WASHINGTON – In a move sure to aggravate China, the Obama administration on Friday announced plans for more than $6 billion in arms sales to Taiwan, the self-governing island the Chinese claim as their own.
The sale would include Black Hawk helicopters, Patriot missiles, mine-hunting ships and information technology. Lawmakers have 30 days to comment before the plan proceeds; senior lawmakers have traditionally supported arms sales to Taiwan.
Taiwan is the most sensitive matter in already-tense relations between the U.S. and China, two powers increasingly linked by security and economic issues. The sale could spark a temporary break in U.S.-China military ties.
The United States, which only told China of the sale hours before the announcement, acknowledged Friday that Beijing may retaliate by cutting off military talks with Washington, which happened after a multibillion dollar U.S. sale to Taiwan in 2008.
Wang Baodong, a spokesman for the Chinese Embassy in Washington, said Beijing will lodge a formal protest against the U.S. decision. Asked if China would cut off military ties, he said, "Let's wait and see."
President Barack Obama's national security adviser, Jim Jones, said Friday that Washington and Beijing both do things "periodically that may not make everybody completely happy."

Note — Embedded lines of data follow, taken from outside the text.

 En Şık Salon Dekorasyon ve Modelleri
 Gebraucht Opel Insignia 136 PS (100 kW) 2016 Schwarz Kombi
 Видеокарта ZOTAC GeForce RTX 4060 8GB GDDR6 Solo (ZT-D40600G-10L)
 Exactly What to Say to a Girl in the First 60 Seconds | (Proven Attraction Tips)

But Jones told an audience at the Center for Strategic and International Studies think tank the U.S. is "bent toward a new relationship with China as a rising power in the world."
China vehemently opposes U.S. arms sales to Taiwan. It has threatened to invade Taiwan should the island ever formalize its de facto independence.

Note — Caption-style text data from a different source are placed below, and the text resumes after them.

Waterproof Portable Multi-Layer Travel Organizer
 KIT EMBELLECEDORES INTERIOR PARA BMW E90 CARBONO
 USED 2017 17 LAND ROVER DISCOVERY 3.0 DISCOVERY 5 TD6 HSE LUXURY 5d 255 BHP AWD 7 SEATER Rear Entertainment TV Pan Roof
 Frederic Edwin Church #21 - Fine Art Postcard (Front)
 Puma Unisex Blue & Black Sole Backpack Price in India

The United States is Taiwan's most important ally and largest arms supplier.
The package, posted on a Pentagon Web site, dodges one thorny issue: The F-16 fighter jets that Taiwan covets are not included.

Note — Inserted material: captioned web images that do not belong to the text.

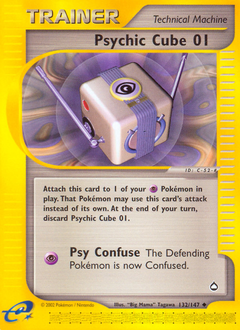 Psychic Cube 01 card art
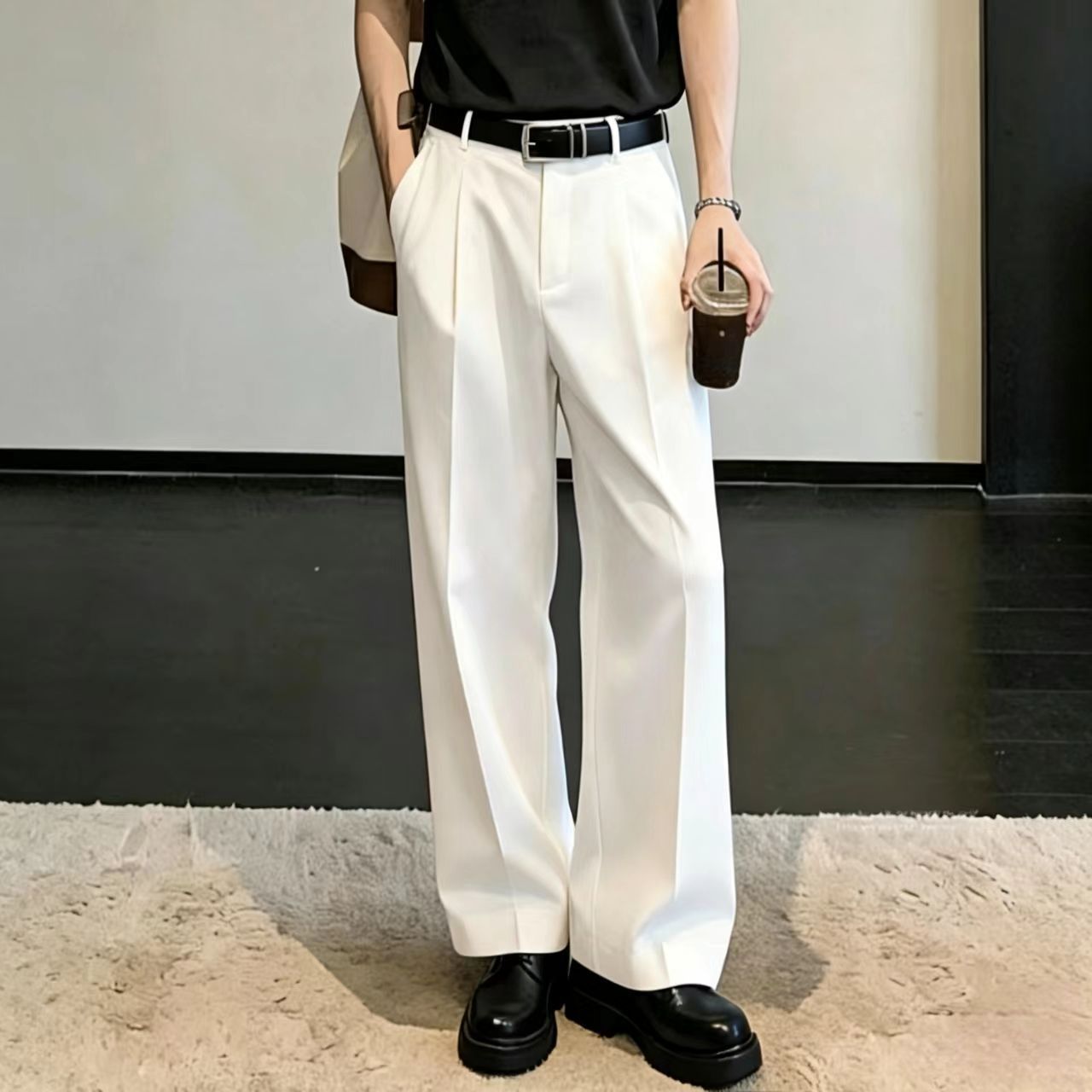 Pantaloni Estivi Bianchi Sotti - Men Formal Wear For Summer recensione e prezzo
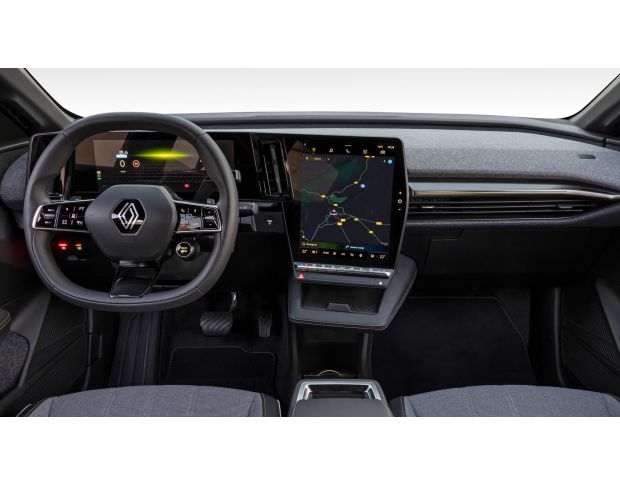 Захисне скло Pixsel на панель приладів RENAULT MEGANE E-TECH ELECTRIC - 16.4“ 2022 - (гібридне мат)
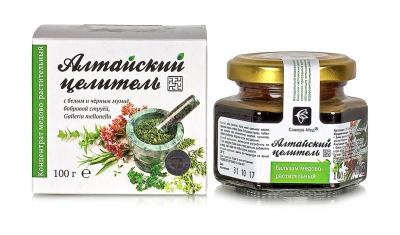 Купить БАД медово-растительный Алтайский целитель, 100 мл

The sale satisfies parts of an $11 billion arms package originally pledged to Taiwan by former President George W. Bush in 2001, which has been provided in stages because of political and budgetary considerations in Taiwan and the United States.
The arms sale will test the Obama administration's China policy, which U.S. officials say is meant to improve trust between the countries, so that the inevitable disagreements over Taiwan or Tibet don't reverse efforts to cooperate on nuclear standoffs in Iran and North Korea and other issues.
China aims more than 1,000 ballistic missiles at Taiwan; the U.S. government is bound by law to ensure the island is able to respond to Chinese threats.
The package includes 114 Patriot missiles designed to shoot down other missiles, 60 Black Hawk helicopters, and two mine-hunting ships.